Chronisch wirksame Umweltgifte verursachen beim gesunden Menschen im Allgemeinen nicht sofort sichtbare Krankheitssymptome. Das verleitet die Schulmedizin zu der Annahme, Umweltgifte seien generell unbedenklich, also quasi ungiftig. Es gibt Gründe, warum chronische Giftbelastung zu Erkrankungen führen kann:

  • Mehrere Gifte wirken in Kombination; das ist der Normalfall.
    Die Kombinationswirkung kann stärker sein als die Summe der Wirkungen (Synergie) der einzelnen Gifte, etwa bei Quecksilber in Verbindung mit Blei. Die stärkere Wirkung tritt ein, weil Quecksilber die Entgiftungs-Fähigkeit des Körpers schädigt.

    Bei der Festlegung des Grenzwerts für ein einzelnes Gift wird die zusätzliche Wirkung anderer chronischer Gifte durch einen festen Risikofaktor berücksichtigt. Synergistische Effekte werden nicht berücksichtigt.

  • Die Gifte wirken in besonders sensiblen Lebensphasen ein, etwa während der Schwangerschaft oder früher Kindheit. Gerade in der Schwangerschaft ist der Zeitpunkt (Schwangerschaftswoche) der Gift-Exposition entscheidend für die Wirkung auf den Fötus.
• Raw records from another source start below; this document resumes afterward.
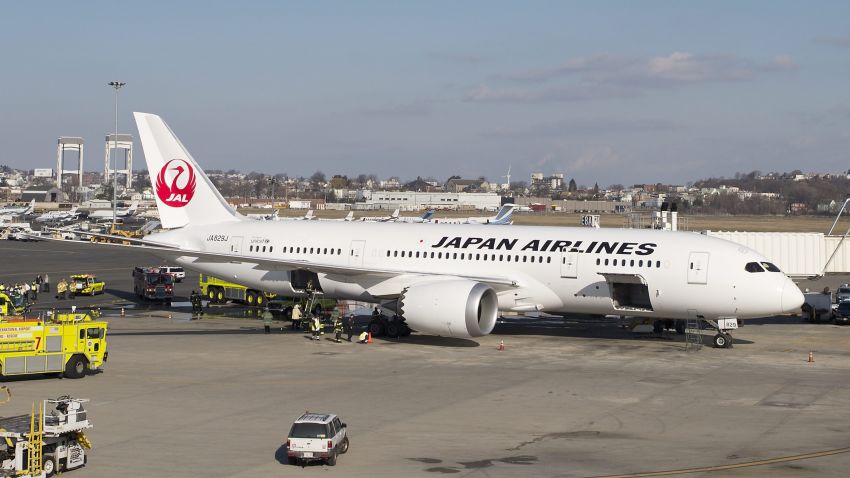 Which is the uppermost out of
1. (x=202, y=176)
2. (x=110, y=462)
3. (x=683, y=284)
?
(x=202, y=176)

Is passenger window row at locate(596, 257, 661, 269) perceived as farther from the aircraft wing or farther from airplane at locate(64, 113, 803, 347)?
the aircraft wing

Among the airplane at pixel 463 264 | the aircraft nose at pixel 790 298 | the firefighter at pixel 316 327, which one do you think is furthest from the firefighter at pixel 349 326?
the aircraft nose at pixel 790 298

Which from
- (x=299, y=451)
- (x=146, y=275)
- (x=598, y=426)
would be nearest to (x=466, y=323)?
(x=598, y=426)

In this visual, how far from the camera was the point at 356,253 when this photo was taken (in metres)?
45.8

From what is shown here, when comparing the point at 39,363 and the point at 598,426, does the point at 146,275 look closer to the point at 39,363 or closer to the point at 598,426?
the point at 39,363

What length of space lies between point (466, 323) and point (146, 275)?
87.7 ft


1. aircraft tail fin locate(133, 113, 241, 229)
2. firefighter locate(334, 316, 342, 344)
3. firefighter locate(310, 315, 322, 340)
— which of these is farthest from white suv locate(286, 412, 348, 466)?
aircraft tail fin locate(133, 113, 241, 229)

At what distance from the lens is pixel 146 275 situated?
58938 mm

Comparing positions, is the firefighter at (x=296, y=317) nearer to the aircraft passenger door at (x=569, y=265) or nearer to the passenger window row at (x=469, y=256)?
the passenger window row at (x=469, y=256)

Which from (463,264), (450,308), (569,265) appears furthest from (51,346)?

    Während Schwangerschaft (pränatal) und früher Kindheit (postnatal) entwickeln sich allmählich die einzelnen Organe und Körperfunktionen, u.a. das zentrale Nervensystem und das Immunsystem. Giftbelastung verhindert eine normale, gesunde Entwicklung. Es gibt keine Diagnostik, um später beobachtete Körperschäden oder sonstige Einschränkungen auf Schadstoffe in der Entwicklungsphase zurückzuführen.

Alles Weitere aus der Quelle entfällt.